I was a proud kid of the 90s, and like any other generation, the 90s came equipped with its own arsenal of crap. Cartoons like Ren & Stimpy and Beavis and Butthead began to push boundaries of acceptable youth programming, and it was cool to wear lots of colourful, baggy clothes with stripes all over them, and a word like ‘juice’ shaved into your head.

A beautiful time to be alive. And, certainly, beautiful trends in toys would follow. The Teenage Mutant Ninja Turtles were hitting their stride and churning out one hundred different things for Bebop the warthog to do. And, as aforementioned in a prior article, midway through the decade, the hot ticket was grabbing an assload of Beanie Babies.

Today, I shall delve into a lost obsession that is slightly akin to Beanie Babies. Indeed, these too are collectible soft toys, but their time near the top was incredibly brief. Furthermore, the hold of their fabric was often even briefer.

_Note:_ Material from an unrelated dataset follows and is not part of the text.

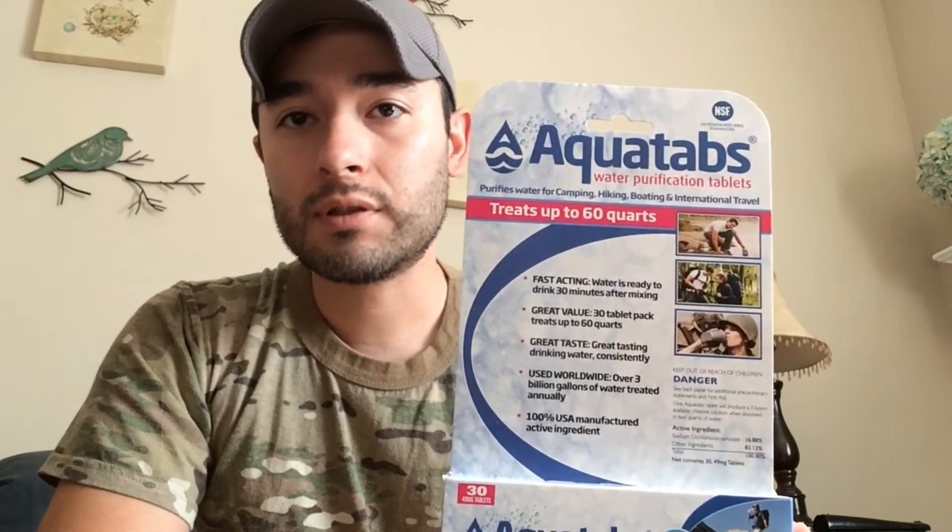It's a good idea to have a backup to purify your water. What if your metal container gets broken or you lose it? What if you can't make a fire or just don't feel like it? These are called Aquatabs and they're great little tablets to purify or disinfect your water.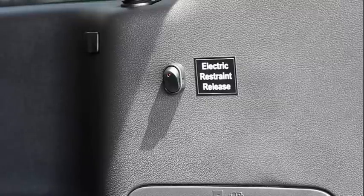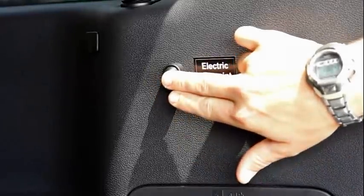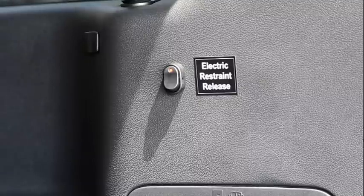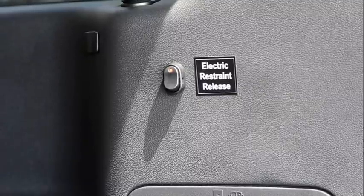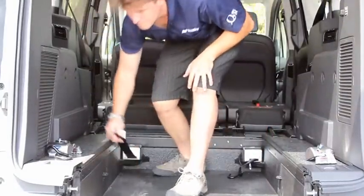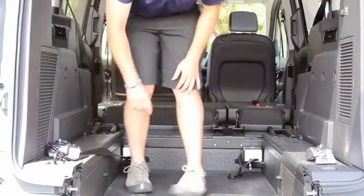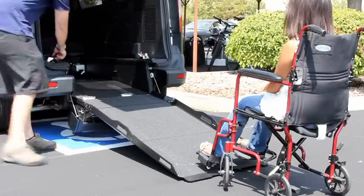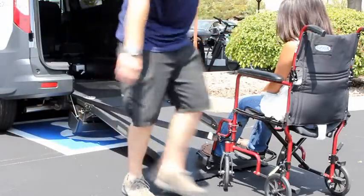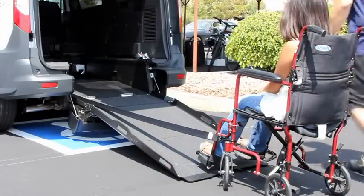If using electric retractors, flip the switch located on the passenger side of the vehicle to the on position. This will be indicated by a red light, allowing the retractor belts to move freely. Now pull the hook and attach it to the cargo loop. Repeat on the other side. Attach the hook securely to the appropriate places on the wheelchair, and repeat on the other side.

Ladies and gentlemen, say hello to my little sand lizards.


Those unfamiliar with middle-class North America in the 90s probably won’t get a kick out of this article, but if you grew up like I did, the above image should have at least garnered a little ‘oh yeah, I remember those’.

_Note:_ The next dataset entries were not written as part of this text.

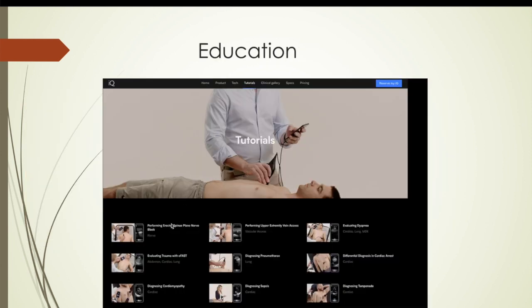On their website they have a huge number of educational films on the various things you can use the ultrasound for — everything from FAST exams to abdomen to peripheral nerve blocks. Mike Stone, whose podcast I love, is one of the presenters. He's an ER physician who has been a huge proponent of ultrasound and peripheral nerve blocks in the ER, and he puts out some excellent videos.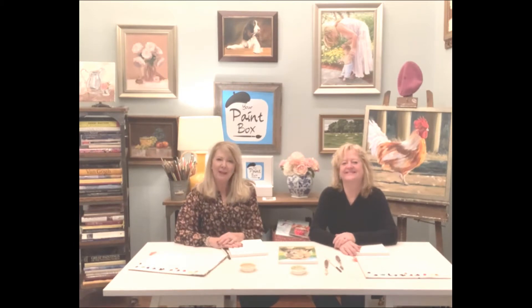Hello paint box friends! We're glad you're joining us today. This is going to be a fun lesson. My name is Katherine, and this is my dear friend and painting companion, Ann. This is her second video with me.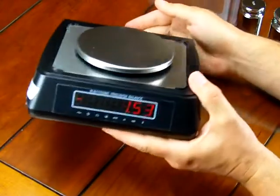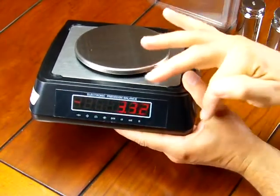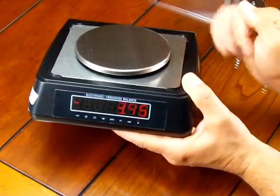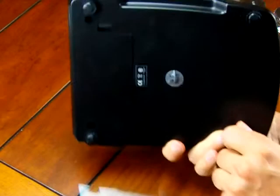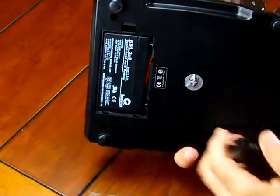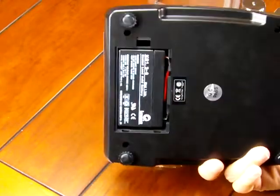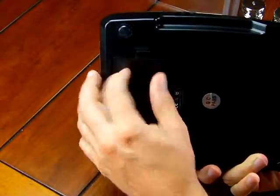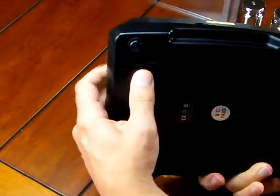The rear of the scale has a display in the back. So if you're running a demonstration, the public or students could see what weight you're seeing on the front display — there's one on the rear too. That's another nice unique feature for this price range. On the bottom of the scale, we have four adjustable feet. Another unique feature: this scale comes with a lead acid rechargeable battery. Right now the scale is operating off of batteries, which gives you a lot longer battery time and makes it more affordable — you're not looking for alkaline batteries.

Overall, the 1990s were a good time for plush toys. The thing is, though, that each line had to have their own little quirks in order to differentiate themselves from the rest. In the case of these tie-dyed critters, their calling card laid within their bellies; a body full of sand. As such, you could bend and flop them about to your delight, piff them around and watch their limbs flail about in the breeze, and… well, that would have been it, because by that time, their seams would have split, and your bedroom would be filled with so much sand you’d expect David Hasselhoff to set up shop.

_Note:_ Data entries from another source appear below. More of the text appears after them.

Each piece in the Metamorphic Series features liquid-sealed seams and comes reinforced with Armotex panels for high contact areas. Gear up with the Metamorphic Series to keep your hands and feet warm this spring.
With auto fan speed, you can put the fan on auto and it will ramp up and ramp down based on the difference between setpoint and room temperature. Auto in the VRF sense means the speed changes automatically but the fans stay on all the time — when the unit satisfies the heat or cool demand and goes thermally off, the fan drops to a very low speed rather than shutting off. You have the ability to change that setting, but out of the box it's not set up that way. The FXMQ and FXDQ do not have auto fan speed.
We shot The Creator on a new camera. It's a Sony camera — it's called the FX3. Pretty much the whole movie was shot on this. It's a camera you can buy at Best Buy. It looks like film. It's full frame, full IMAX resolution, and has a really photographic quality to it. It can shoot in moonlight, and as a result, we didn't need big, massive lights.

These particular lizards have been in my possession for a long time, now. The blue one’s name was Tropic, and the reddy pink dude was a party animal dubbed Zooba. They would get up to all sorts of mischief and shenanigans, leaving a steady stream of entrails behind them. Like some sort of creepy, cuddly Mortal Kombat spinoff. With lizards!


What was the appeal of these things? I have no idea. Just looking at them now fills me with grim dismay, their zip-lock bags saturated with sand and their use in today’s society trivial at best.

They look kinda cool, I guess, and come in various varieties of creature. This was likely all we needed as kids to justify dragging our parents into Northern Getaway and demanding that they fork out the dosh for an army of limp lizards, frogs and seahorses. In retrospect, what a bizarre sense of entitlement we felt as kids, eh? We expected our parents to buy us whatever we wanted, simply because we wanted it. Their not buying it felt like a betrayal of some unwritten contractual obligation. I hate to think of it from their perspective.

“I worked forty hours this week to buy my son some sand.”


I’m sorry, mom and dad. I ruined their marriage with my stupid lizards.

But we cannot undo the past. We cannot deny our Macarena sessions nor our Milli Vanilli obsession. We cannot deny our sand lizards. They are our gift. They are our curse.

And in actuality, just posing them for these photos has led for them to spit sand at me as though it were a defence mechanism. They’re like those kids who couldn’t control their bladders; you wouldn’t hang out with them for very long, and their presence was a nuisance, no matter what the situation. And like most lame kids, the lizards wear tie-dye, too. All the pieces fit. Like a sand castle, perhaps?

I guess the world just wasn’t ready for sand lizards. Manufacturers lacked the heavy duty technology required to keep them alive in our brutal eco-system, and the surviving sand populous has dwindled to record lows. Their fragile bodies are abominations upon nature itself. They’re like the mutated Ripley clones of Alien Resurrection, or Snooki.

And there’s only one place for them now.